Thank the NFAA for that one, just read the Do the States have the Right to thread:
http://www.archerytalk.com/vb/showthread.php?t=1284119

Take pills for a migrane before you read that thread but quick answer go to the 2nd page download the pdf psargent put up from the NFAA. There is your answer.

I know I don't agree with the no guest rule either but thats the NFAA perspective and its an NFAA State Shoot.


----------



## pragmatic_lee (Jan 19, 2008)

RedWonder said:


> Thank the NFAA for that one, just read the Do the States have the Right to thread:
> http://www.archerytalk.com/vb/showthread.php?t=1284119
> 
> Take pills for a migrane before you read that thread but quick answer go to the 2nd page download the pdf psargent put up from the NFAA. There is your answer.
> ...


Please read that ruling very carefully. It does not say you can not have a guest class, it says you can not let non-NFAA members shoot in your guest class.


----------



## psargeant (Aug 1, 2004)

RedWonder said:


> Thank the NFAA for that one, just read the Do the States have the Right to thread:
> http://www.archerytalk.com/vb/showthread.php?t=1284119
> 
> Take pills for a migrane before you read that thread but quick answer go to the 2nd page download the pdf psargent put up from the NFAA. There is your answer.
> ...


You can still allow a guest division for out of state NFAA members...


----------



## RedWonder (Jan 10, 2003)

pragmatic_lee said:


> Please read that ruling very carefully.
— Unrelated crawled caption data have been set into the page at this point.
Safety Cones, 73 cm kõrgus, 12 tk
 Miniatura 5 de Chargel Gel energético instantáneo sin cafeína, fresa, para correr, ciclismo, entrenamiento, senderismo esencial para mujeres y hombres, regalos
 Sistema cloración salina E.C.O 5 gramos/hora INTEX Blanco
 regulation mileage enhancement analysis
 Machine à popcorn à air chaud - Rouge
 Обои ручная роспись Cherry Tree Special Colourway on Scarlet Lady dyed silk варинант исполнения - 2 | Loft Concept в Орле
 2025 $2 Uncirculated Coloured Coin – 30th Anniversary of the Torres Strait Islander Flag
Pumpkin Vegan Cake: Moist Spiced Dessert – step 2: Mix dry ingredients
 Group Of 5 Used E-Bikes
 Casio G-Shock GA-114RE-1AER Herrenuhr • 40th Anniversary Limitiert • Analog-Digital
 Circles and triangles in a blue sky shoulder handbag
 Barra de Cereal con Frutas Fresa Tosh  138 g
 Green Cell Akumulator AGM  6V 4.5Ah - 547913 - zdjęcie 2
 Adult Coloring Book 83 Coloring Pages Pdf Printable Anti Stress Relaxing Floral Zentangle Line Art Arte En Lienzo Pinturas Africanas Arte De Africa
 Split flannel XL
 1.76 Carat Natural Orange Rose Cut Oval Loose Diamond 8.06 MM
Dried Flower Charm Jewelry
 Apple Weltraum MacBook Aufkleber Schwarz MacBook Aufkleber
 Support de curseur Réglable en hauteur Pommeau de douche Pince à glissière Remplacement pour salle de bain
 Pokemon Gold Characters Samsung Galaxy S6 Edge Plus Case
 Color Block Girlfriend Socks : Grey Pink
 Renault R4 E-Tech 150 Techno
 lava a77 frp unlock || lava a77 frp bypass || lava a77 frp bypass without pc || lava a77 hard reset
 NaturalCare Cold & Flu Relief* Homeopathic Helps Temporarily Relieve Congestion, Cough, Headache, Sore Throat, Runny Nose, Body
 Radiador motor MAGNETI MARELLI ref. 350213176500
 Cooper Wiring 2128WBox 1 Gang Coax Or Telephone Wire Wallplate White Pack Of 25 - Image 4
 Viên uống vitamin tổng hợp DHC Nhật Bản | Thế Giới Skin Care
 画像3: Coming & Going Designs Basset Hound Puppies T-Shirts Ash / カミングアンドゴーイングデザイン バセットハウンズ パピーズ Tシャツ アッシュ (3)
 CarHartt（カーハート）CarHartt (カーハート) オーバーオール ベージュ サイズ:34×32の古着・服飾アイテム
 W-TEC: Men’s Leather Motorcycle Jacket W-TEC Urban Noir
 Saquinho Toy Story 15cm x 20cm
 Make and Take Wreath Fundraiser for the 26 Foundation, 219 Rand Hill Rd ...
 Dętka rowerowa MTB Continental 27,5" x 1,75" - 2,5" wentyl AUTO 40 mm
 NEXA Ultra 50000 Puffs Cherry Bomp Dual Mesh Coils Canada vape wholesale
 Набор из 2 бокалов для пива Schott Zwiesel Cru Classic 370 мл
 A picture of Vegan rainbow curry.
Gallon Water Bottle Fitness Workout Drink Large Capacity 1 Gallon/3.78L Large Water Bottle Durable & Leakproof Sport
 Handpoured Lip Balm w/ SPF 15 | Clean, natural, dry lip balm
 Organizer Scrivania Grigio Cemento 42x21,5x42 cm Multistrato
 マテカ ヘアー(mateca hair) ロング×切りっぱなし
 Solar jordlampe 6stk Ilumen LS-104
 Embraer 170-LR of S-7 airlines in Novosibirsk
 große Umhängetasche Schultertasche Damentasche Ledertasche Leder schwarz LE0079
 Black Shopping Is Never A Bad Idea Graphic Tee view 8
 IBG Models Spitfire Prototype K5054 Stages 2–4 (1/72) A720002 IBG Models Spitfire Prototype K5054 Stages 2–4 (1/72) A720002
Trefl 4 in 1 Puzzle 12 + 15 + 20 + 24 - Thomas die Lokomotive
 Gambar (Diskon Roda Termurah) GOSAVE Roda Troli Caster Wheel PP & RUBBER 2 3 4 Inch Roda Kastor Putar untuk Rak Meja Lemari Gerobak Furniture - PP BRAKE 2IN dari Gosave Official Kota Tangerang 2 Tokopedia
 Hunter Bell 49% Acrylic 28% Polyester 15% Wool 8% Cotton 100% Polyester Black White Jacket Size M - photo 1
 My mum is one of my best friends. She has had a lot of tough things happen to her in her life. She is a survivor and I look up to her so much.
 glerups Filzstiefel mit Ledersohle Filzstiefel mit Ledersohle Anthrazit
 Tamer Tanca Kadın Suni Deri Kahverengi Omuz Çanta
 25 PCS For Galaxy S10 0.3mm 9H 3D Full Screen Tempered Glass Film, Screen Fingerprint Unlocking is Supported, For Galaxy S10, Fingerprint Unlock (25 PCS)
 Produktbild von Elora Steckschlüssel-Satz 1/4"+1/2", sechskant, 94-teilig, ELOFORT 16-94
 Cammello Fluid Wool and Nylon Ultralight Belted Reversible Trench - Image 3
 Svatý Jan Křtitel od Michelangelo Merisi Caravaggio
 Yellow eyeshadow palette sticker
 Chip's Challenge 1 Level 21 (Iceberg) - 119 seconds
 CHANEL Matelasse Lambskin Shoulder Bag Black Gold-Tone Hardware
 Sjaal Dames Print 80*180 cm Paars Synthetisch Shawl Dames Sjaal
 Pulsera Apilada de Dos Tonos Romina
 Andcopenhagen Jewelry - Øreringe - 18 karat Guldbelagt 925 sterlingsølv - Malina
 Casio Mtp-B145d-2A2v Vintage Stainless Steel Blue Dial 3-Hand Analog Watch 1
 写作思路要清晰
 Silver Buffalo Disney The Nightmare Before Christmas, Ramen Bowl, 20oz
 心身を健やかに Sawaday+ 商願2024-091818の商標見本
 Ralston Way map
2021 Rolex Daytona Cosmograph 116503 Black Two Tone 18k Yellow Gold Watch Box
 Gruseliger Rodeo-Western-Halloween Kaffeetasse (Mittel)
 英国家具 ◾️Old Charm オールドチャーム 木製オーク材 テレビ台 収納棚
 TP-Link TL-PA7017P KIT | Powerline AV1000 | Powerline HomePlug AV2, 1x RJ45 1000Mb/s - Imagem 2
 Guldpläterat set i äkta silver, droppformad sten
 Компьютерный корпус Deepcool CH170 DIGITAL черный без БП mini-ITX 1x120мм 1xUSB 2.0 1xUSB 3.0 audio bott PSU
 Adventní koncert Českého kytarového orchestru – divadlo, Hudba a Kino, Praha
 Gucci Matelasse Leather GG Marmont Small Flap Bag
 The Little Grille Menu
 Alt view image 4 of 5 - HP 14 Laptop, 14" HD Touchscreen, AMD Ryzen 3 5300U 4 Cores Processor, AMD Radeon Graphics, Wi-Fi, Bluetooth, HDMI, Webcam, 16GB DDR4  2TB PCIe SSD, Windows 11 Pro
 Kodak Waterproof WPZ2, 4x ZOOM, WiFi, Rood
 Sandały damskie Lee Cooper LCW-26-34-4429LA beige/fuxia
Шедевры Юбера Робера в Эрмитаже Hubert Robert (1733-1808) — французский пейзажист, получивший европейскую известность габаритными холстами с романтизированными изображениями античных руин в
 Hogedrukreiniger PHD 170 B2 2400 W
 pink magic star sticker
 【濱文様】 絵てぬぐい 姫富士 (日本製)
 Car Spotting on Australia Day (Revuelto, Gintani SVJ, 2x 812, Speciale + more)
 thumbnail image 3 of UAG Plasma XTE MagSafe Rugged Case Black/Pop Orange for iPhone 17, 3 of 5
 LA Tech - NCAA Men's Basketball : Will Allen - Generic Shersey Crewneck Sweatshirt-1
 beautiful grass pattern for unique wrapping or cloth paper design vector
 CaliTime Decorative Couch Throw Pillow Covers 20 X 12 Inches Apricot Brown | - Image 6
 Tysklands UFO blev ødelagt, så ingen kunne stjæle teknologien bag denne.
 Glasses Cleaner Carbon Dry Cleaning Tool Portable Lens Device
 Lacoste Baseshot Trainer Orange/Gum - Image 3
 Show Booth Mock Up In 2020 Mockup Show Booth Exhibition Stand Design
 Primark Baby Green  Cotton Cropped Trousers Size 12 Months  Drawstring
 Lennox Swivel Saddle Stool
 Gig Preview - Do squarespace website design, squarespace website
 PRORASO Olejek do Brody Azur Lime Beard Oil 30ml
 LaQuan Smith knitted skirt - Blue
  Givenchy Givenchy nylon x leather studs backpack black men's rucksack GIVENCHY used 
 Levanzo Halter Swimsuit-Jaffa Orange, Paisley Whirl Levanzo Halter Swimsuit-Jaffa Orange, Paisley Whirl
It does not say you can not have a guest class, it says you can not let non-NFAA members shoot in your guest class.





psargeant said:


> You can still allow a guest division for out of state NFAA members...


Thanks guys for the clarification it still urks me as I when I think of a guest class I think of people being non-NFAA members in this case that could potentially come to experience the shoot but they are not allowed.


----------



## Bownut61 (Dec 15, 2007)

*Silly*

All I know is I was ask not to have a guest class by a state director of the NFAA. I don't want to cause him grief. Apparently we could be on thin ice by having a guest class and I won't risk getting someone or PFATA in hot water. 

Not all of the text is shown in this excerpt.